◆ Task statement
Write out the entries below exactly, from the first line to the one with "Cats Meow Clinton Ohio", both ends included.

(Extracted records)
__________________________________________________
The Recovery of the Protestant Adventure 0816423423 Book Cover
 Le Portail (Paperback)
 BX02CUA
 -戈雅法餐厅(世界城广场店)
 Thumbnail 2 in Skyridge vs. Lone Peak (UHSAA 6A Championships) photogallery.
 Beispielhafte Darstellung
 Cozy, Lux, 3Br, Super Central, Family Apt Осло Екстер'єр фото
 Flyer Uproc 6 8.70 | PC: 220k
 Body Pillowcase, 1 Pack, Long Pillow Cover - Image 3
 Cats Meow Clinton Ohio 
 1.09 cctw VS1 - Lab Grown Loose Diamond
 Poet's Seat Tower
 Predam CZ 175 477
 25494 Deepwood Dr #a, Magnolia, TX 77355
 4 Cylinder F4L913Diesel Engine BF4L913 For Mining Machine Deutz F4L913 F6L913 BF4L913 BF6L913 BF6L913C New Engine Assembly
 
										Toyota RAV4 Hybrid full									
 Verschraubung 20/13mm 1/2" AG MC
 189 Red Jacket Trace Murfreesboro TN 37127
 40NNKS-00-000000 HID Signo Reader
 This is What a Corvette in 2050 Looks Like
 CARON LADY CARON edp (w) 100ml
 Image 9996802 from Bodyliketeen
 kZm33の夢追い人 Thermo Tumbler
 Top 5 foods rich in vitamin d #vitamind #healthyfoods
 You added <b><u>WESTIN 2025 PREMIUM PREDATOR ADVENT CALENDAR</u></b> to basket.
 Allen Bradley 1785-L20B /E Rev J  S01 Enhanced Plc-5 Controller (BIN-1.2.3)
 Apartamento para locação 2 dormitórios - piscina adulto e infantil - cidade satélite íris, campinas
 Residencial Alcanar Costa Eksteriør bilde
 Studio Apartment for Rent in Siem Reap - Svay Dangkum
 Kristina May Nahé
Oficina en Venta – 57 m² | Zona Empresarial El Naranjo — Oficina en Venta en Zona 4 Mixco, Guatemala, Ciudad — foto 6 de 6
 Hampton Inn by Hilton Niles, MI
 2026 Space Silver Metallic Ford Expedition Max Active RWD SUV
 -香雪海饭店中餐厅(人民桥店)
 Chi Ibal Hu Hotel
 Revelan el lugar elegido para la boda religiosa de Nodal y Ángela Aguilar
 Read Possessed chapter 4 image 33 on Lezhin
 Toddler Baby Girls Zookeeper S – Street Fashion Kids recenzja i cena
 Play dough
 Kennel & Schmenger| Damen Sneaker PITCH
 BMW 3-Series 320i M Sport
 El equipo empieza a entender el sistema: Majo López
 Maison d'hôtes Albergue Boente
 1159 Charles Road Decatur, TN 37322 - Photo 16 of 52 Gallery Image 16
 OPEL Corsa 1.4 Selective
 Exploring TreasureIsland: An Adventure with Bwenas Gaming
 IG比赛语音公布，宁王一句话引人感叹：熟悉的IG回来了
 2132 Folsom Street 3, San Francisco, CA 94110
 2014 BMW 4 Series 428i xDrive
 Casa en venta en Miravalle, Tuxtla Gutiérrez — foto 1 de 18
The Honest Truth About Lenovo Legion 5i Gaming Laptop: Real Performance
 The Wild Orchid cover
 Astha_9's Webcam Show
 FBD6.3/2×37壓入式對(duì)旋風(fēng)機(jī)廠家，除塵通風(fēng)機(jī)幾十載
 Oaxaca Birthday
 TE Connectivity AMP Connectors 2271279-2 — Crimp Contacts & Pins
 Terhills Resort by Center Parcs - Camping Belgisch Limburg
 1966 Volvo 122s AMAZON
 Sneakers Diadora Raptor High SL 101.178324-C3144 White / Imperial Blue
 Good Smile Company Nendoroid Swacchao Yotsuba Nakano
__________________________________________________
◆ Exercise solution
The Recovery of the Protestant Adventure 0816423423 Book Cover
 Le Portail (Paperback)
 BX02CUA
 -戈雅法餐厅(世界城广场店)
 Thumbnail 2 in Skyridge vs. Lone Peak (UHSAA 6A Championships) photogallery.
 Beispielhafte Darstellung
 Cozy, Lux, 3Br, Super Central, Family Apt Осло Екстер'єр фото
 Flyer Uproc 6 8.70 | PC: 220k
 Body Pillowcase, 1 Pack, Long Pillow Cover - Image 3
 Cats Meow Clinton Ohio 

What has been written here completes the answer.